(Source records)
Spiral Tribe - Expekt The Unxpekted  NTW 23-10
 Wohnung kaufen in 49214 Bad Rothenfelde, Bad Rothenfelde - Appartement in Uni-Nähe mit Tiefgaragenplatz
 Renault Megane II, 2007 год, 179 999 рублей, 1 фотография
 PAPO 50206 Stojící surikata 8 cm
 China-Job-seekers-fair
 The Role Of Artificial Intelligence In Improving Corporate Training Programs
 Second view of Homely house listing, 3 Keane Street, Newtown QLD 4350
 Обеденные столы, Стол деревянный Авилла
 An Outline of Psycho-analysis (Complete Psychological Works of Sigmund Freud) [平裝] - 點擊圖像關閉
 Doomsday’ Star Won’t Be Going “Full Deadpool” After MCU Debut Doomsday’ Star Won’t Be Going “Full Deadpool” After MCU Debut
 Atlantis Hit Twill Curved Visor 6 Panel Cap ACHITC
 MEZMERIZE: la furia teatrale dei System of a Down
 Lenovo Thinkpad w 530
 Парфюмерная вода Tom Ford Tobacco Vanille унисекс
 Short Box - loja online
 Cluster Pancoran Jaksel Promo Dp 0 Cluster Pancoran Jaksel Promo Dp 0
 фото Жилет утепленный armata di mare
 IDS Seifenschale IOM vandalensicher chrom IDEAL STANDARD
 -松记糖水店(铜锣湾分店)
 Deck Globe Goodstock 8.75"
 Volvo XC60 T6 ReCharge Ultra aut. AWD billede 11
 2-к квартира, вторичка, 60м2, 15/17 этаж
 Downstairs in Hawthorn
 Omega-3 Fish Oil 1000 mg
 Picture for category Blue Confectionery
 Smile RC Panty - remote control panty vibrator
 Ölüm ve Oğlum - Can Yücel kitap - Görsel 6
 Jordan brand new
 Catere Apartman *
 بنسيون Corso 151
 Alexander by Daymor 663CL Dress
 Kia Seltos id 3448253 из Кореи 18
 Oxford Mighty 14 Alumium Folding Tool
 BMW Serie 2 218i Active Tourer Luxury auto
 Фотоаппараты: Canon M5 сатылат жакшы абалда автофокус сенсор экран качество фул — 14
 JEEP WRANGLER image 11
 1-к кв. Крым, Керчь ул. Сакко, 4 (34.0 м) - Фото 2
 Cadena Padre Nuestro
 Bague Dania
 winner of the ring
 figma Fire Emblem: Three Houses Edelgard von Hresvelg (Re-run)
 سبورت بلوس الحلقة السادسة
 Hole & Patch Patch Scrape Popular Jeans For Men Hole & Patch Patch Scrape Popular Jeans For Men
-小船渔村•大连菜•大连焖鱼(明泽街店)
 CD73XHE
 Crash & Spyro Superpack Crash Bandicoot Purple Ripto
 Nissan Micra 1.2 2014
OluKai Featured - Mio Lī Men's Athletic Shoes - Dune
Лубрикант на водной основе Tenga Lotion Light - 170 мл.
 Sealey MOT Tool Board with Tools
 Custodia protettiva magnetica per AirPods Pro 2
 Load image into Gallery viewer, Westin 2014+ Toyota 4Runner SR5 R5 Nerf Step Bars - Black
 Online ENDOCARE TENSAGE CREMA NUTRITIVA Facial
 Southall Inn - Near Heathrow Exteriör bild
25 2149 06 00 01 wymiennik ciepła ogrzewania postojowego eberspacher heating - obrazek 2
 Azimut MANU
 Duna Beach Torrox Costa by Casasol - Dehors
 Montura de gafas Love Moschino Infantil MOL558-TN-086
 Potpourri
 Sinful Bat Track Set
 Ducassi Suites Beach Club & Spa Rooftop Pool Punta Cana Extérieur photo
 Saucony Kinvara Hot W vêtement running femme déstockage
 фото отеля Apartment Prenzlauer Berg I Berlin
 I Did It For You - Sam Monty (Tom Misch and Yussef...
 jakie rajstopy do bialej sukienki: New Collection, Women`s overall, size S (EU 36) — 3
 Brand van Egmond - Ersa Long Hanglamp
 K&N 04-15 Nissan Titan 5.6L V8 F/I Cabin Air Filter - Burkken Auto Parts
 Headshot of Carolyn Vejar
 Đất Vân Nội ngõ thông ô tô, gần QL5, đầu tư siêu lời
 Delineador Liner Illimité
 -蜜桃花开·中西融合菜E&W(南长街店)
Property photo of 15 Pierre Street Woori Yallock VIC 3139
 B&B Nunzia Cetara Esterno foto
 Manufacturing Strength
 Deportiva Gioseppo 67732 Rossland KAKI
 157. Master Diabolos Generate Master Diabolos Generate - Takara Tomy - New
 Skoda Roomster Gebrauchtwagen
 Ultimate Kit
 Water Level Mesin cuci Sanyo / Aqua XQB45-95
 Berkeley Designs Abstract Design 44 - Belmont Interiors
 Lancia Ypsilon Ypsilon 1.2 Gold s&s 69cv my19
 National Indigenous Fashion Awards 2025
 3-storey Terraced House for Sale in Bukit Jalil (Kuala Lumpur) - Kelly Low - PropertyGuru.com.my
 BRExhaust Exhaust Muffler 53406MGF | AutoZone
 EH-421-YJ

◆ Exercise aim: From the line holding "фото отеля Apartment" through the last line above, reproduce each line exactly and add nothing.

◆ Task result:
 фото отеля Apartment Prenzlauer Berg I Berlin
 I Did It For You - Sam Monty (Tom Misch and Yussef...
 jakie rajstopy do bialej sukienki: New Collection, Women`s overall, size S (EU 36) — 3
 Brand van Egmond - Ersa Long Hanglamp
 K&N 04-15 Nissan Titan 5.6L V8 F/I Cabin Air Filter - Burkken Auto Parts
 Headshot of Carolyn Vejar
 Đất Vân Nội ngõ thông ô tô, gần QL5, đầu tư siêu lời
 Delineador Liner Illimité
 -蜜桃花开·中西融合菜E&W(南长街店)
Property photo of 15 Pierre Street Woori Yallock VIC 3139
 B&B Nunzia Cetara Esterno foto
 Manufacturing Strength
 Deportiva Gioseppo 67732 Rossland KAKI
 157. Master Diabolos Generate Master Diabolos Generate - Takara Tomy - New
 Skoda Roomster Gebrauchtwagen
 Ultimate Kit
 Water Level Mesin cuci Sanyo / Aqua XQB45-95
 Berkeley Designs Abstract Design 44 - Belmont Interiors
 Lancia Ypsilon Ypsilon 1.2 Gold s&s 69cv my19
 National Indigenous Fashion Awards 2025
 3-storey Terraced House for Sale in Bukit Jalil (Kuala Lumpur) - Kelly Low - PropertyGuru.com.my
 BRExhaust Exhaust Muffler 53406MGF | AutoZone
 EH-421-YJ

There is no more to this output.